● **HOW TO COMPLETE THIS TASK**: Scan the entries for lines with the word "Rare" and copy those lines.

Records drawn from a dataset
_ _ _ _ _ _ _

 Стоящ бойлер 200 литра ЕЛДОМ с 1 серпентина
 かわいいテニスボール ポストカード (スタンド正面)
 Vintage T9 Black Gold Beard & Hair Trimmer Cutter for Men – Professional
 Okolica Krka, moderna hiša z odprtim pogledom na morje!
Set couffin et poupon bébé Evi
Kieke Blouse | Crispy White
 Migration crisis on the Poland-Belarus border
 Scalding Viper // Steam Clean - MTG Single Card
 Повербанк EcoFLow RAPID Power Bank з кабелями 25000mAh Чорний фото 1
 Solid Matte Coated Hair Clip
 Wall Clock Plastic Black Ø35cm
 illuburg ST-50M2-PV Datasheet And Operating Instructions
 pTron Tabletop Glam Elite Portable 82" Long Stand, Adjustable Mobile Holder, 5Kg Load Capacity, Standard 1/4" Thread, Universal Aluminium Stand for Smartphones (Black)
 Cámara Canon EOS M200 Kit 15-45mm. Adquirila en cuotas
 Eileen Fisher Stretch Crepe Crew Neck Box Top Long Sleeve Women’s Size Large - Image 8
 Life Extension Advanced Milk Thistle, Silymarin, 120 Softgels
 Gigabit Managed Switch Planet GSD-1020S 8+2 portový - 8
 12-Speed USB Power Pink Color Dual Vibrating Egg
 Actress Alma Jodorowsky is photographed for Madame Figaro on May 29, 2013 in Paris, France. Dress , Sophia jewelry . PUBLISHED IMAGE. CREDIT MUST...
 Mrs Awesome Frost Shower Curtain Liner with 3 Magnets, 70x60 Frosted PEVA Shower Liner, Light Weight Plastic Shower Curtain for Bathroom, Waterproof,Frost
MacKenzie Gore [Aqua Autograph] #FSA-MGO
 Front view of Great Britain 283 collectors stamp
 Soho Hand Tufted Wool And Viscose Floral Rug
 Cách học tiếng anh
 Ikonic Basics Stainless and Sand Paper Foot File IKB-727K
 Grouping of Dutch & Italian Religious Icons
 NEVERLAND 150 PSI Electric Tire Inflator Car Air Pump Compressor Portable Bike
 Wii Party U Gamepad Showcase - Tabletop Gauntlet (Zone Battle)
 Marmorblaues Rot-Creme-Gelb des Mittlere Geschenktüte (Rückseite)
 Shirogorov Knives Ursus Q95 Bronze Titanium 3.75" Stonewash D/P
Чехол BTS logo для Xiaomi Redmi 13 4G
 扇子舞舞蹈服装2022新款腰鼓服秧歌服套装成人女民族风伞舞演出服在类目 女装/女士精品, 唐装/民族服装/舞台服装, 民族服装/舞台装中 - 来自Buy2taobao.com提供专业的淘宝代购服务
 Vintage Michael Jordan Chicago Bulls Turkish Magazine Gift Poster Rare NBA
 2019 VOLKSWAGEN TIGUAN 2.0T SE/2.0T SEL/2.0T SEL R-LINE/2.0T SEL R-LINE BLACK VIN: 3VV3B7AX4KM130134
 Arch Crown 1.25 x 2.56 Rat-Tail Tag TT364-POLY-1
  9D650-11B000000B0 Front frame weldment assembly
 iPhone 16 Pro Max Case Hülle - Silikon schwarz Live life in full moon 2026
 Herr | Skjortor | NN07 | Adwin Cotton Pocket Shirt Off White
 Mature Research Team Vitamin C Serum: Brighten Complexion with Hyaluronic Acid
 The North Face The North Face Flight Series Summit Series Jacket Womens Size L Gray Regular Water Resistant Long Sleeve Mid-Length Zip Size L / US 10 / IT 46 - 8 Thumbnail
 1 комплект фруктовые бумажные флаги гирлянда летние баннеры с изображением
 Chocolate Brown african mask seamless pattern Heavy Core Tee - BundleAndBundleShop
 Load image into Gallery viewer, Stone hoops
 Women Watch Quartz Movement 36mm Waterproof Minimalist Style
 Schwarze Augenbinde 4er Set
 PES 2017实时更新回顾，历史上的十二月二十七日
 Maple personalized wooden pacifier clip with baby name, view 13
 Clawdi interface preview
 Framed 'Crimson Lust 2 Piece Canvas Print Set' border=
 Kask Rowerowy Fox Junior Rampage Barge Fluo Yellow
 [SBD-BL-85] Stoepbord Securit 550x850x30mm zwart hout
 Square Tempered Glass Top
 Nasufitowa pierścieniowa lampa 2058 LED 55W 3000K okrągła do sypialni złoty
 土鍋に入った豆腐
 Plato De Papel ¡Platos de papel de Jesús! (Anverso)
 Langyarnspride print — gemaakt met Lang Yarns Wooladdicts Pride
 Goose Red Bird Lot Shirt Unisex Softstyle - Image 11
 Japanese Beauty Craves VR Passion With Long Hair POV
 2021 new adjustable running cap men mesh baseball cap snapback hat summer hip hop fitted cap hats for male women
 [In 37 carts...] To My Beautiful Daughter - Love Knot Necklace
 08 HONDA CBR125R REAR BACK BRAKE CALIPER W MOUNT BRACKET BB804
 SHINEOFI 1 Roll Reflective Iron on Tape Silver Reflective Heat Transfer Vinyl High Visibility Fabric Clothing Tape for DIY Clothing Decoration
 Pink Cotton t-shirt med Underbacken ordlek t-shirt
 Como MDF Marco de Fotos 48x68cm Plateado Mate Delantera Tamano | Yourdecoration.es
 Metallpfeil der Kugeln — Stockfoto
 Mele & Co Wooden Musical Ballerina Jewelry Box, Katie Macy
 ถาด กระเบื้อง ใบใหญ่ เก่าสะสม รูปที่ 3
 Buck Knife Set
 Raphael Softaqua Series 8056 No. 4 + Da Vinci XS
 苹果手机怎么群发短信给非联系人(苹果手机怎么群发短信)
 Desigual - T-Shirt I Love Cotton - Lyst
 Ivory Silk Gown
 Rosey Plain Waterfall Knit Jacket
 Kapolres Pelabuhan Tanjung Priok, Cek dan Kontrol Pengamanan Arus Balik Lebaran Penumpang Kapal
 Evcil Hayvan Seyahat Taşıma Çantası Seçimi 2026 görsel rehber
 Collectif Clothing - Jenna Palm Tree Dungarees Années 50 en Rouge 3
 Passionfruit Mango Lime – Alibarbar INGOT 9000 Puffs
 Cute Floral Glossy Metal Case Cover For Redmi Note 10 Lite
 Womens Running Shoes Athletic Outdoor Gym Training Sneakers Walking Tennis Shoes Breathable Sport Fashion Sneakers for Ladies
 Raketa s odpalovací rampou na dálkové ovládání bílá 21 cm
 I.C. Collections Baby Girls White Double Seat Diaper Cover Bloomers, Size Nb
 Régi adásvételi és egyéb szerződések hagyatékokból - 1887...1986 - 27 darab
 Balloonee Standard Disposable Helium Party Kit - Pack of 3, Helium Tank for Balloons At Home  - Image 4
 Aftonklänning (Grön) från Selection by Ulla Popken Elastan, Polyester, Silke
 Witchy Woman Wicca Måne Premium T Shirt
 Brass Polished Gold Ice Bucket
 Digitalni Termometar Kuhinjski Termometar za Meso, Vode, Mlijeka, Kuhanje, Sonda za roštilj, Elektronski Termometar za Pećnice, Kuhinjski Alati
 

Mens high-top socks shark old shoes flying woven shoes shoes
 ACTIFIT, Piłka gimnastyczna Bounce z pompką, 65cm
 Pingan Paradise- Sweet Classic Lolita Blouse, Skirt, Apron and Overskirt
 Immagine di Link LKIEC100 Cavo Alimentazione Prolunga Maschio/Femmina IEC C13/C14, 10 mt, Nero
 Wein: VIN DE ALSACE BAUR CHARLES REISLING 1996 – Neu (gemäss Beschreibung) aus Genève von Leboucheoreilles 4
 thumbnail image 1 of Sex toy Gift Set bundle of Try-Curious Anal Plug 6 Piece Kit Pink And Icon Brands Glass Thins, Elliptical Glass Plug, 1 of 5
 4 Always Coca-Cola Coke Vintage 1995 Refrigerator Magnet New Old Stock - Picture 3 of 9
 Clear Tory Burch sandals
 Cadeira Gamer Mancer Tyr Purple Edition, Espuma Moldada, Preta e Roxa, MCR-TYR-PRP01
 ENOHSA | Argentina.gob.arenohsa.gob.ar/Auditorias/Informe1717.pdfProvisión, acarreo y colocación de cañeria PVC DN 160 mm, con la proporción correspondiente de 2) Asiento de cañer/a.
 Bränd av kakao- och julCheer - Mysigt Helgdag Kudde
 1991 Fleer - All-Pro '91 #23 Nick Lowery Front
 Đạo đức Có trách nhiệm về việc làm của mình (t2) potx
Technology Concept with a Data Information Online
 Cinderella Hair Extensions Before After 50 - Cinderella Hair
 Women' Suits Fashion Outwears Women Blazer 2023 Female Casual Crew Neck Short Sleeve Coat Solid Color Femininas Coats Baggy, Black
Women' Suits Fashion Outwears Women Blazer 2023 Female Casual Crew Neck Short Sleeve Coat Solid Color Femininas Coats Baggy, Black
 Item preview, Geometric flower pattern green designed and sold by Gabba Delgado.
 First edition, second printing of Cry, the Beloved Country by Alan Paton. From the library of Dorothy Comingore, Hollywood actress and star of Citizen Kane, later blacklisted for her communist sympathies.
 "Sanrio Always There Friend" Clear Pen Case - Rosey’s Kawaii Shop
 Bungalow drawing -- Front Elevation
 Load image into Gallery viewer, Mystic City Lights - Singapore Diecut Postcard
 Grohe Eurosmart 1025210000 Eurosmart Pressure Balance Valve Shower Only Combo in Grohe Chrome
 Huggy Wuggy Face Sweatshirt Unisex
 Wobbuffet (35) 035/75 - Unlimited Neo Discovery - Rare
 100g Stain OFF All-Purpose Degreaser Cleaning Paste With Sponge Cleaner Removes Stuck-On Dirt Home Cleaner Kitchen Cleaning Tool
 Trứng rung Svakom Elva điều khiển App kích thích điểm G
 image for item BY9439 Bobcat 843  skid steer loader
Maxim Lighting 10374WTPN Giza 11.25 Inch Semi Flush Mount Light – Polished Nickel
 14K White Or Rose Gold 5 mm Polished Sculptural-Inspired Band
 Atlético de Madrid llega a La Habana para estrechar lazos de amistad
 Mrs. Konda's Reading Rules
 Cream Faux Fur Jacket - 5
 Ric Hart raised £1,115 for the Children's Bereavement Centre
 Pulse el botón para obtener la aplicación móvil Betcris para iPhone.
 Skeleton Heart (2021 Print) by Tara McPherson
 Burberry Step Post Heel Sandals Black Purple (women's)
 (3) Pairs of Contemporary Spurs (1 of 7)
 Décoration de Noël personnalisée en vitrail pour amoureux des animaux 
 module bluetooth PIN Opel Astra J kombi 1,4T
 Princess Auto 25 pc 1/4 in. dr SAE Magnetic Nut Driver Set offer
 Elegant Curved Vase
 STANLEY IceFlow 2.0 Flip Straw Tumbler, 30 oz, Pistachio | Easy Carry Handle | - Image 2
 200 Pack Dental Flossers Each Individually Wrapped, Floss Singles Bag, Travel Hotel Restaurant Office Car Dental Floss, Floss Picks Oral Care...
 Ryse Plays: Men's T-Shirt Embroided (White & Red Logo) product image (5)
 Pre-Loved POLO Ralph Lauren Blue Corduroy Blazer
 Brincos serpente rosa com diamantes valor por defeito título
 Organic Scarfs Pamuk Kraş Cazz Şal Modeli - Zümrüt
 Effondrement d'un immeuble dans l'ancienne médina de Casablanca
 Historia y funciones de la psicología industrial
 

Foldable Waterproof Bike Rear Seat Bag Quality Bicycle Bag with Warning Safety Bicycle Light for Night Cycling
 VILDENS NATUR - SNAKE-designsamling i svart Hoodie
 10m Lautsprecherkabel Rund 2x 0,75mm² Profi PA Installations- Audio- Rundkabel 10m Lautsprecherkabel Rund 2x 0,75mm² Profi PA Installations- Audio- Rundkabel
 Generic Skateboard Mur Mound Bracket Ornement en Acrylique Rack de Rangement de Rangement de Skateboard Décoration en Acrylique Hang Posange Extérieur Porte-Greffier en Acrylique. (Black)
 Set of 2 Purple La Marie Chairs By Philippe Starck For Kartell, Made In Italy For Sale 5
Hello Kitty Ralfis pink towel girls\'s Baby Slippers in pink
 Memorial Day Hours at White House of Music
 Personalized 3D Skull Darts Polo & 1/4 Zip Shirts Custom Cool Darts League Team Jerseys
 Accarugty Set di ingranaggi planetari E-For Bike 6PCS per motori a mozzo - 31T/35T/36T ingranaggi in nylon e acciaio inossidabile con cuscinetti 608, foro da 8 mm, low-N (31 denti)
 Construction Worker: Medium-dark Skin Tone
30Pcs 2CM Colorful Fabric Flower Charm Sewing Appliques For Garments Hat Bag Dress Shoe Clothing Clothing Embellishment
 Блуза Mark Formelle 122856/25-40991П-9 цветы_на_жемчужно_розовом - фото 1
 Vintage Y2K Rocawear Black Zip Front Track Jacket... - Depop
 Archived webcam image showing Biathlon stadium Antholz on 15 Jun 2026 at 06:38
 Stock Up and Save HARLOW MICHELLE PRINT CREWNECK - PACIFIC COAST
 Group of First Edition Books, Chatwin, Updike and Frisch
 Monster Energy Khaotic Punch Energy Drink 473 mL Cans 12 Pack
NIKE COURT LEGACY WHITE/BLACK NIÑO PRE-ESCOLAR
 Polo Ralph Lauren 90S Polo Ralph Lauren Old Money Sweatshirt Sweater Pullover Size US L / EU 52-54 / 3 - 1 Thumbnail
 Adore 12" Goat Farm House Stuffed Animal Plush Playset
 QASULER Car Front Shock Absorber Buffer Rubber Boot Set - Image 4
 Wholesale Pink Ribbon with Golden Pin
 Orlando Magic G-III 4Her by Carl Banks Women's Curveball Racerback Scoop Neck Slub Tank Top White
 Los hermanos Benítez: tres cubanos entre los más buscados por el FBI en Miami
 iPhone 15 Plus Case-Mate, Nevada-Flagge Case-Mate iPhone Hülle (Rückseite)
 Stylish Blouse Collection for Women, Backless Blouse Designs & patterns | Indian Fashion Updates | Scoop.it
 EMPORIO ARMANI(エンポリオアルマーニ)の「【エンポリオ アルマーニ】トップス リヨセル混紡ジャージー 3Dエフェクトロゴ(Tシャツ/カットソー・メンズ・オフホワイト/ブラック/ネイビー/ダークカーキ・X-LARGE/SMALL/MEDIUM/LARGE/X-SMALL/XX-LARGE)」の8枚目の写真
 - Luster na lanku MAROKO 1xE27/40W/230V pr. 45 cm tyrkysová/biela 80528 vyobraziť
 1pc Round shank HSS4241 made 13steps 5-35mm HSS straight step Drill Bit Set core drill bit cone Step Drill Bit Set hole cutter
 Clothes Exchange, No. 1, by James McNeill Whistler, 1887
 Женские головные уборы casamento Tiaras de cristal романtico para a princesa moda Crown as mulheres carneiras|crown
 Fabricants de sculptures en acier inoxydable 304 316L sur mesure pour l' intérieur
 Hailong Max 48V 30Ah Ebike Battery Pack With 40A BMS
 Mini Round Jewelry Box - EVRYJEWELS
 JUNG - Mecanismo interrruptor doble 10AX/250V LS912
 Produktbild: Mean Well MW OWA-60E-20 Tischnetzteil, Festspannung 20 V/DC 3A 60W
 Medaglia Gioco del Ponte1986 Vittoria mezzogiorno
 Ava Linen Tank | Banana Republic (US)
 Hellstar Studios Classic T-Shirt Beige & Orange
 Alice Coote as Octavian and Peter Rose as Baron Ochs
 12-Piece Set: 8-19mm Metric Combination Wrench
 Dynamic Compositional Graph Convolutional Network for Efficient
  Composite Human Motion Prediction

_ _ _ _ _ _ _

● **SOLUTION**:
 Vintage Michael Jordan Chicago Bulls Turkish Magazine Gift Poster Rare NBA
 Wobbuffet (35) 035/75 - Unlimited Neo Discovery - Rare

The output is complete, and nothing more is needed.